• [Brief]:
Beginning at the line containing "A Pony girl" and continuing to the end of the records below, give each line again exactly as it stands, and only those lines.

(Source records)
────────────────

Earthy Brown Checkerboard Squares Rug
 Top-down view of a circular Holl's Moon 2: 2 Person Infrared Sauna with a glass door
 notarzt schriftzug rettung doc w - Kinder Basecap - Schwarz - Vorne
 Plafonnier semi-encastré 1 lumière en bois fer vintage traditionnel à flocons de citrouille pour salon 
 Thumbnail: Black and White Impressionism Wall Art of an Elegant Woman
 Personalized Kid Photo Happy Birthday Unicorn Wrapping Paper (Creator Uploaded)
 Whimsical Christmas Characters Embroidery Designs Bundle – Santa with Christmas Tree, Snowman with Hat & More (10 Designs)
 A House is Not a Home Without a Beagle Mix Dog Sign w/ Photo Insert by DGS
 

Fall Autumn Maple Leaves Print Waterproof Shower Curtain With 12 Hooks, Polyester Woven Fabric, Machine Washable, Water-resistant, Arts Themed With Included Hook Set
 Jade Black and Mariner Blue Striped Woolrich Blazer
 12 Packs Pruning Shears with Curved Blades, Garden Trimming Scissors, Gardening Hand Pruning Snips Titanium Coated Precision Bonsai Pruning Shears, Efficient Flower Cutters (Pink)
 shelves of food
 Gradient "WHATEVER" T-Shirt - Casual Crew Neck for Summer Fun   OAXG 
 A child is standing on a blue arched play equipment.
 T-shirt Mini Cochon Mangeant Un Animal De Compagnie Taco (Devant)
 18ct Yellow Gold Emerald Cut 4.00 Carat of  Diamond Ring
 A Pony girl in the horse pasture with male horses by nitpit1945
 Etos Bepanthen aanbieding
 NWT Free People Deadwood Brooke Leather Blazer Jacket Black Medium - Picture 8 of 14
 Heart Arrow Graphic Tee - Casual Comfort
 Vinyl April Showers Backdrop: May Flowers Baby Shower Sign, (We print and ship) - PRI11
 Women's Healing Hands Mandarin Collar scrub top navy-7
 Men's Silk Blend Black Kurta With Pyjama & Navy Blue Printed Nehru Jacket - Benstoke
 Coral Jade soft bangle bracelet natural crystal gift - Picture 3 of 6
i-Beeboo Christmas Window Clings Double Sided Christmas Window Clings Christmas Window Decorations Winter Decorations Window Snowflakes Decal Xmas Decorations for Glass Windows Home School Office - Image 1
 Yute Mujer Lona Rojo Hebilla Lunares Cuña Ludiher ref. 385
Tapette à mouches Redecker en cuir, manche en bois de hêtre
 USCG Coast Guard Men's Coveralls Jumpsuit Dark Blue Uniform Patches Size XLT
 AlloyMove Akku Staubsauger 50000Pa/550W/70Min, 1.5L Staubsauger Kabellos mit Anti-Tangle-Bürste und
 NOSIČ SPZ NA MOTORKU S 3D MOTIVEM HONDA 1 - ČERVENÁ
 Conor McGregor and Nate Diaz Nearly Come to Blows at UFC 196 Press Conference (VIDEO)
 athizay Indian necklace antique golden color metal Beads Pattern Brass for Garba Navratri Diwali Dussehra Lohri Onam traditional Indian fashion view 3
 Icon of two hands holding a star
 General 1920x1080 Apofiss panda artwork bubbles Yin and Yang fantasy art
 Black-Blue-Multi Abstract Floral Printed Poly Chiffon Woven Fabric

────────────────

• [Exercise output]:
 A Pony girl in the horse pasture with male horses by nitpit1945
 Etos Bepanthen aanbieding
 NWT Free People Deadwood Brooke Leather Blazer Jacket Black Medium - Picture 8 of 14
 Heart Arrow Graphic Tee - Casual Comfort
 Vinyl April Showers Backdrop: May Flowers Baby Shower Sign, (We print and ship) - PRI11
 Women's Healing Hands Mandarin Collar scrub top navy-7
 Men's Silk Blend Black Kurta With Pyjama & Navy Blue Printed Nehru Jacket - Benstoke
 Coral Jade soft bangle bracelet natural crystal gift - Picture 3 of 6
i-Beeboo Christmas Window Clings Double Sided Christmas Window Clings Christmas Window Decorations Winter Decorations Window Snowflakes Decal Xmas Decorations for Glass Windows Home School Office - Image 1
 Yute Mujer Lona Rojo Hebilla Lunares Cuña Ludiher ref. 385
Tapette à mouches Redecker en cuir, manche en bois de hêtre
 USCG Coast Guard Men's Coveralls Jumpsuit Dark Blue Uniform Patches Size XLT
 AlloyMove Akku Staubsauger 50000Pa/550W/70Min, 1.5L Staubsauger Kabellos mit Anti-Tangle-Bürste und
 NOSIČ SPZ NA MOTORKU S 3D MOTIVEM HONDA 1 - ČERVENÁ
 Conor McGregor and Nate Diaz Nearly Come to Blows at UFC 196 Press Conference (VIDEO)
 athizay Indian necklace antique golden color metal Beads Pattern Brass for Garba Navratri Diwali Dussehra Lohri Onam traditional Indian fashion view 3
 Icon of two hands holding a star
 General 1920x1080 Apofiss panda artwork bubbles Yin and Yang fantasy art
 Black-Blue-Multi Abstract Floral Printed Poly Chiffon Woven Fabric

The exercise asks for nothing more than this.